### INSTRUCTIONS TO FOLLOW
Restate word for word the entries below, starting with the line with "A modern bathroom" and continuing through the line with "The hands of". Include both of those lines and no others.

### DATASET
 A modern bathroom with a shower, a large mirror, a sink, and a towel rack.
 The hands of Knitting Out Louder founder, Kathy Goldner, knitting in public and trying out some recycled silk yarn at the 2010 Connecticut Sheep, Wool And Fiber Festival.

==

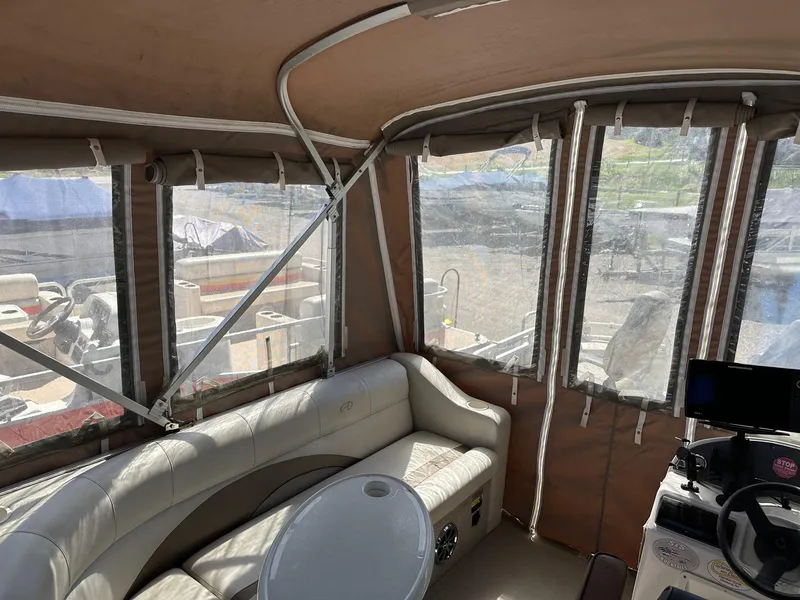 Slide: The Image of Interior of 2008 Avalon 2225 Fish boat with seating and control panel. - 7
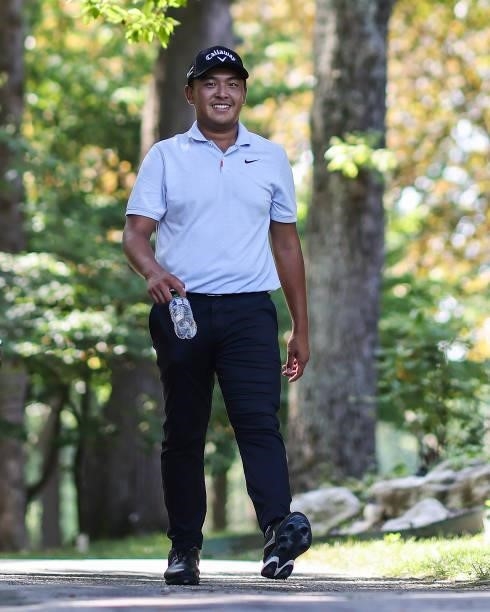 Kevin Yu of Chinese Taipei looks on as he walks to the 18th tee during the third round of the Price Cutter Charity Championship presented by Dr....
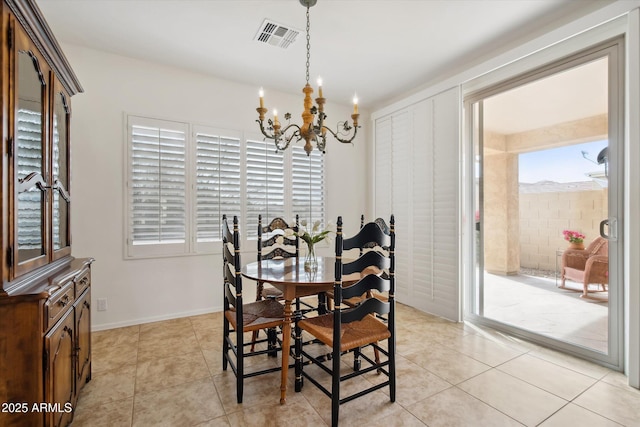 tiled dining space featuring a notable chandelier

...

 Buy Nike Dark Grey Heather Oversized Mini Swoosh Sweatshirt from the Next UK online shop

### EXERCISE OUTPUT
 A modern bathroom with a shower, a large mirror, a sink, and a towel rack.
 The hands of Knitting Out Louder founder, Kathy Goldner, knitting in public and trying out some recycled silk yarn at the 2010 Connecticut Sheep, Wool And Fiber Festival.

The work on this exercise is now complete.